To face up to the many challenges presented by China's rise, other countries should try to nudge China to become a responsible stakeholder that will work with them to maintain a peaceful international order, Chinese specialists said at a forum yesterday.
The forum, "The rise of China and the future of the Asia-Pacific Region," was co-hosted by the Ministry of Foreign Affairs and The Asia Foundation, and brought academics from around the region together to discuss the problems posed by China's rise.
Bates Gill, Freeman Chair in China Studies at the Center of Strategic and International Studies said, "Through a combination of pragmatic security policies, growing clout and increasing deft diplomacy, China has successfully established extremely productive and strengthened many other relationships throughout the Asia and around the globe."

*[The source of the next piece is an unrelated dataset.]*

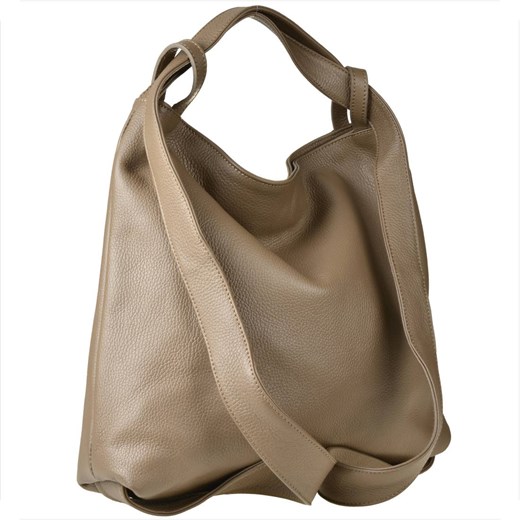 Torebko plecak duży brąz taupe xl skóra naturalna ze sklepu melon.pl w kategorii Plecaki - zdjęcie 176542199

PHOTO: FANG PIN-CHAO, TAIPEI TIMES
Security diplomacy
Calling the strategy to establish partnership with other countries as China's "new security diplomacy," Gill said that the strategy presents significant challenges as well as opportunities for the international system, for regional security and for US interests.
He suggested the US and other key members of the international community intensify dialogue with China on objectionable and threatening issues, work with Beijing to expand the definition and response to transnational threats and encourage expanded Chinese support and participation in a variety of peacekeeping and nation-building operations.
Taking the issue of nonproliferation and arms control as an example, Gill said that it is possible to gain greater Chinese nonproliferation and arms control cooperation by taking seriously Chinese leaders' aspirations to open constructively to the outside world, improve their international image and gain concessions from such discussions.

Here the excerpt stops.